(Collected data entries)
<<<<

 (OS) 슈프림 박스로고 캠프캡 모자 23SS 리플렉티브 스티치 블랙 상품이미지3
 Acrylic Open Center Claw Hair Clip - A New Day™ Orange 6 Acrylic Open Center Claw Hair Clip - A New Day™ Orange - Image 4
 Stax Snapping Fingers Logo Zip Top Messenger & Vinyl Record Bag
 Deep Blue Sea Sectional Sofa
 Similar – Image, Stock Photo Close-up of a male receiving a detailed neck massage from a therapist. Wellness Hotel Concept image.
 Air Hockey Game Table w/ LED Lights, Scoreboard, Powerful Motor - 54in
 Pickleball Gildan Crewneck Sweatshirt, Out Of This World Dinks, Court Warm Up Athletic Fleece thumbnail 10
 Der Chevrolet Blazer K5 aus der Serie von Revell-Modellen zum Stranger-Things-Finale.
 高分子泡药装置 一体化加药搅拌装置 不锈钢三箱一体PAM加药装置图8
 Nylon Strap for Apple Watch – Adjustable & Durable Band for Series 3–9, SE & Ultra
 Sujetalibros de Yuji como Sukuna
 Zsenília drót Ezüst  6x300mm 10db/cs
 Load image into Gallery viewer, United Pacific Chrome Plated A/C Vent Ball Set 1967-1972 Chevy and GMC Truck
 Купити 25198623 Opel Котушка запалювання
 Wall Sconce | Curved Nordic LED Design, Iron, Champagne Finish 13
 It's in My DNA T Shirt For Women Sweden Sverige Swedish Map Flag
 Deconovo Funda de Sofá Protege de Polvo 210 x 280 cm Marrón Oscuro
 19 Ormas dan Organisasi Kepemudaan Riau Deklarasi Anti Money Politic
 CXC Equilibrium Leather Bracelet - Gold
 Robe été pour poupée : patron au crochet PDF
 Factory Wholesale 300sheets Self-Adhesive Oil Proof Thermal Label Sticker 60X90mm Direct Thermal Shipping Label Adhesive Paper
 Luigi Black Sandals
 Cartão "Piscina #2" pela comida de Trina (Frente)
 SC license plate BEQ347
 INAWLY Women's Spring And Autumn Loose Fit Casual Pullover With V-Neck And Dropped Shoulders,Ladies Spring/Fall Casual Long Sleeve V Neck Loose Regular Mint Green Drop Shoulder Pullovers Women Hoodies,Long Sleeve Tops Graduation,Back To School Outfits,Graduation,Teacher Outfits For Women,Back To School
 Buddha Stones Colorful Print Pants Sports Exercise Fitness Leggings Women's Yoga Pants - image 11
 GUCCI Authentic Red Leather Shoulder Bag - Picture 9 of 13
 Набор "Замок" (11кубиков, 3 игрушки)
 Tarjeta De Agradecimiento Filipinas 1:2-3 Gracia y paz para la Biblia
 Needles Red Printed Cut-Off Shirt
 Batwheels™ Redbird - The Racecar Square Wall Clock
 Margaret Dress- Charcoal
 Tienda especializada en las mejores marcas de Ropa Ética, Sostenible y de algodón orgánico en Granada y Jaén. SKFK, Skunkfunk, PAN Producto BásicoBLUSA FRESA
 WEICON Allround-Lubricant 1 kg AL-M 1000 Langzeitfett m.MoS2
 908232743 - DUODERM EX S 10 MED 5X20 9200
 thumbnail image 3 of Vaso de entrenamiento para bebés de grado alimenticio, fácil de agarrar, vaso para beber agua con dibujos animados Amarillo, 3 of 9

>>>>

# What is being asked:
Above are some records; copy each line there that contains "Wall".

# Response for this exercise:
 Wall Sconce | Curved Nordic LED Design, Iron, Champagne Finish 13
 Batwheels™ Redbird - The Racecar Square Wall Clock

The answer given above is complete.